Here, as the virtual machine, there is known one which is of an interpreter type which is provided on the platform in the form of software and sequentially interprets and executes bytecode instructions included in a class file. The interpreter type virtual machine requires a process of taking out bytecode instructions one by one from the class file and interpreting their contents. This process becomes the overhead in the prior art, and the excellent performance cannot be obtained.
Thus, there has been proposed a JIT compiler (Just In Time Compiler) system, an AOT compiler (Ahead Of Time Compiler) or the like which compiles the class file into native code inherent to each type of hardware and then executes it for the purpose of improving performance. Furthermore, there has been attempted construction of a virtual machine in the form of hardware like a Java™ chip which is specially designed to enable direct execution of bytecode instructions.
In the compiler system such as JIT or AOT mentioned above, since the native code of the processor is executed, it is superior to the interpreter system when taking notice only of speed of instruction execution. The compiler system, however, requires a work area for the compile operation itself or an area for storing the native code, which is four to ten times the size of the class file, and hence a larger quantity of memory is disadvantageously required than in the interpreter system. Such a problem is prominent in an embedded device in which restriction in hardware resources is greater than that in a regular computer in particular. Moreover, when starting compile after directing execution of the class file, the compilation operation becomes the overhead, and sufficient performance may not be obtained.

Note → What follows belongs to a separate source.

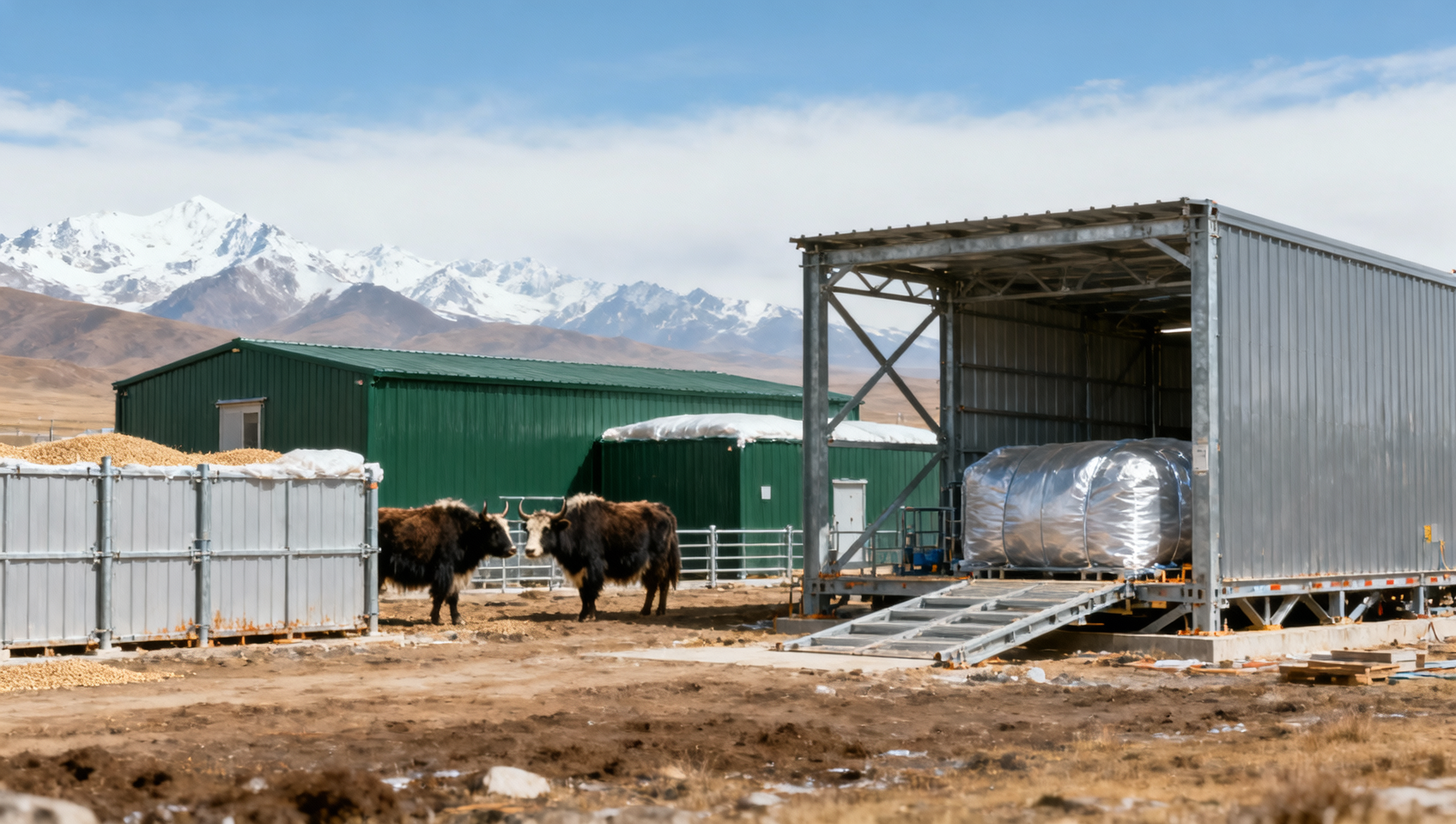 Changdu Gaozheng Building Materials Unveils '15th Five-Year' Highland Agri-Infrastructure Plan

In addition, according to the Java™ chip mentioned above, although the class file can be executed with high performance without performing compilation, a large development cost is required in development of such a dedicated chip, and an increase in the cost of the chip itself is inescapable. Additionally, in view of the fact that version upgrade or bug fixing is appropriately performed in the language specification according to advancement in technology or needs in the market, there is an aspect that constructing the virtual machine in the form of hardware is not necessarily preferable. In particular, in the virtual machine in the embedded device, adoption of a Java™ chip is not realistic because of the combination of strong demands for reduction in cost and version updating of the specification in a short cycle.
As described above, it is hard to apply the virtual machine such as the compiler system or the Java™ chip in an embedded device or the like. Therefore, a technique which improves the performance during execution of the intermediate code has been demanded on the assumption of application in an embedded device.